1. Content is not always unambiguous.
2. Reasoning and communication skills were often insufficient to understand the content.
3. So some combination those three things wasn't working.

Also, never a GS03 (had they even existed, which they no longer did). My point was that tearlines, in particular, but also other sources were often neutered to the point of meaning something entirely different to the actual report.

But by all means continue to assert that the way things should have been done 30 years ago is necessarily informative about how things actually were done 10 years ago. Notice I don't come on here and tell you how HUMINT worked in NI.

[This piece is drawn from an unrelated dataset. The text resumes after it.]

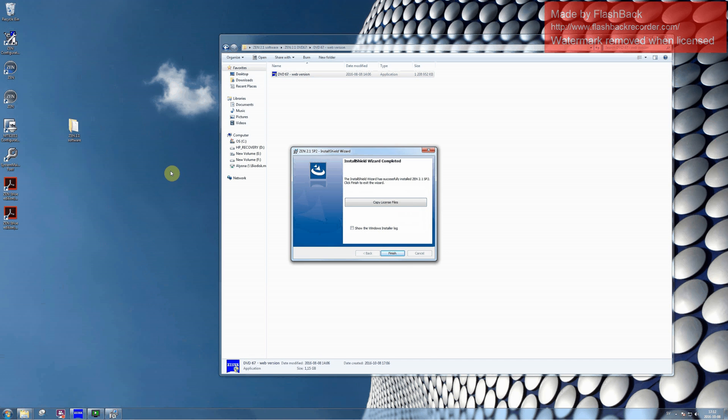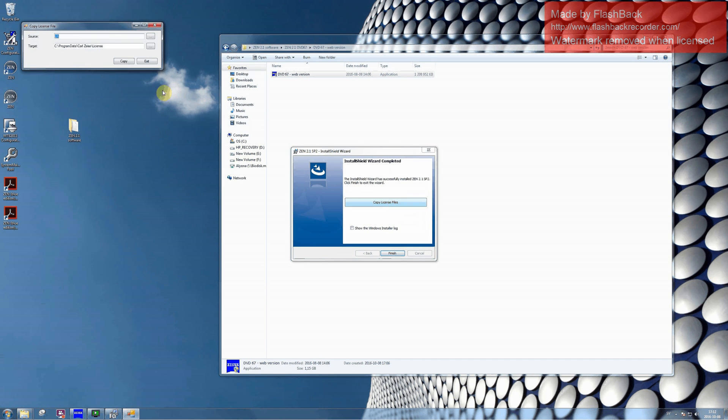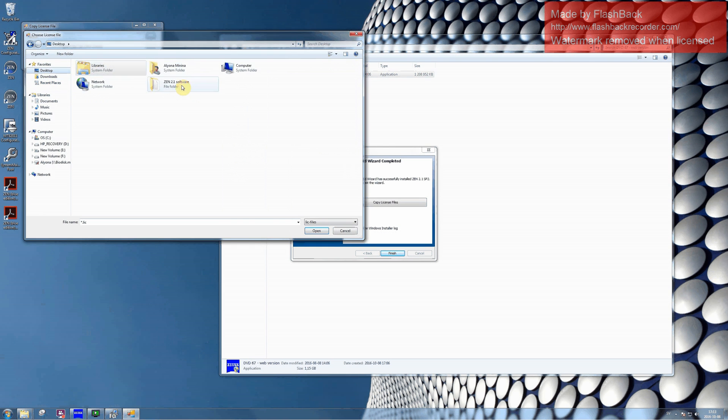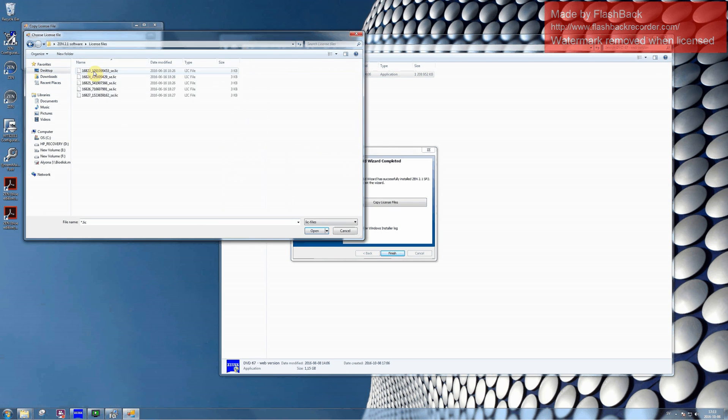Proceed with copying license files. You can find the license files in the same folder with the installation files. Please copy them one by one.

New point: arrogance and ill-founded confidence often gets in the way of Int Corps types doing their job.
 
@devexwarrior


Don't bluff or make stuff up, never lie; and if you don't know, say I don't know - but I either know someone who does, or I will get back to you having found out.

That's what I was taught - short, sharp and succint and stood me in good stead over the years.
 
Except that:

1. Content is not always unambiguous.
2. Reasoning and communication skills were often insufficient to understand the content.
3. So some combination those three things wasn't working.

Also, never a GS03 (had they even existed, which they no longer did). My point was that tearlines, in particular, but also other sources were often neutered to the point of meaning something entirely different to the actual report.

But by all means continue to assert that the way things should have been done 30 years ago is necessarily informative about how things actually were done 10 years ago. Notice I don't come on here and tell you how HUMINT worked in NI.

New point: arrogance and ill-founded confidence often gets in the way of Int Corps types doing their job.
Yep, sure.
 

Sarastro

LE
Kit Reviewer
Yep, sure.
If you are going to post a hugely patronising ad hom in reply to a basically neutral comment I make, don't then get a sad on and posture that you are above it all when I reply in the same vein. Perhaps just don't be patronising to start with.